BRIEF:
Of the lines below, write out exactly those from the line with "Қозиқларни босиб титратиб ва бураб ботириш" through the line with "Специальный уход —", both included, and skip the rest.

SOURCE DATA:
^^^^^^^^^^^^^^^^
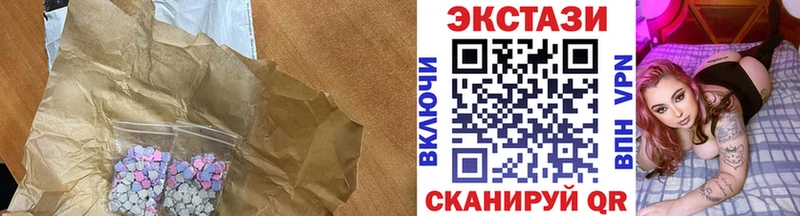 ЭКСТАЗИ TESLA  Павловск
^^^^^^^^^^^^^^^^
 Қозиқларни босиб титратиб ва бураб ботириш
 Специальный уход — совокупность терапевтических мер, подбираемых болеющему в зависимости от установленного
^^^^^^^^^^^^^^^^
TASK OUTPUT:
 Қозиқларни босиб титратиб ва бураб ботириш
 Специальный уход — совокупность терапевтических мер, подбираемых болеющему в зависимости от установленного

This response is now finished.